O art. 17 do Dl 167/67 dispõe que os bens apenhados continuam na posse imediata do emitente da cédula ou do terceiro prestante da garantia real, os quais respondem por sua guarda e conservação na condição de fiéis depositários, seja o prestador da garantia pessoa física ou jurídica.
É importante destacar que, em se tratando de penhor rural, como é o caso, há impossibilidade fático-jurídica para enquadrar os prestadores da garantia como fiéis depositários da coisa, notadamente no caso de penhor de safra, justamente pela natureza do penhor rural.
Com efeito, a garantia pignoratícia se constitui ao tempo em que a cédula de crédito rural é firmada, conquanto nesse tempo a coisa dada em garantia sequer exista, posto que a lavoura ainda vai ser formada, para depois produzir os bens que se integram ao penhor cedularmente avençado.
Deste modo, a coisa, em termos de quantidade e de qualidade, não faz parte do mundo dos fatos quando se aperfeiçoa a garantia, de modo que se torna juridicamente insustentável afirmar, ou se constituir, o depósito dos bens nas mãos dos empenhador, seja ele o emitente da cédula ou o terceiro garantidor, posto não ser juridicamente possível ser depositário de coisa inexistente.
Deste modo, como ninguém pode ser depositário de coisa que não pode ser auferível em termos quantitativos e qualificativos, menos ainda guardador com as consequências de depósito fiel, não é possível asseverar que a figura do depositário fiel possa estar presente no contexto do penhor de safra em cédula de crédito rural.

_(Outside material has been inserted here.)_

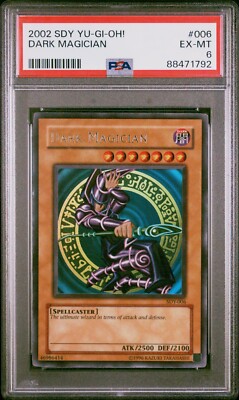 Yu-Gi-Oh! TCG Dark Magician Yugi SDY-006 Unlimited Ultra Rare PSA 6-image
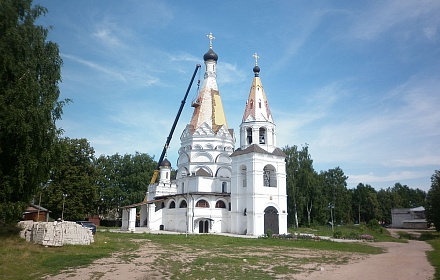 Chiesa dell'Epifania. Krasnoe-on-Volga vicino a Kostroma.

Portanto, a despeito do art. 17 do Dl 167/67 assegurar que o empenhador assume a responsabilidade de depositário fiel da safra dada em garantia, no âmbito do direito penal, por exemplo, não é possível configurar a infidelidade jurídica, caso a coisa não seja localizada.
É preciso destacar que, na cédula de crédito rural, o penhor de safra é feito sob estimativa em termos de quantidade de produto, pois não se tem ao certo o quanto vai ser produzido, o que torna o depósito impreciso e, então, impossível. Também inexiste na cédula indicativos da qualidade do produto, o que contribui ainda mais para a total desconfiguração do depósito.
Assim, juridicamente, em termos de penhor de safra em cédula de crédito rural, a figura do depositário fiel não tem espaço para enquadramento, a despeito de previsão legal em sentido contrário.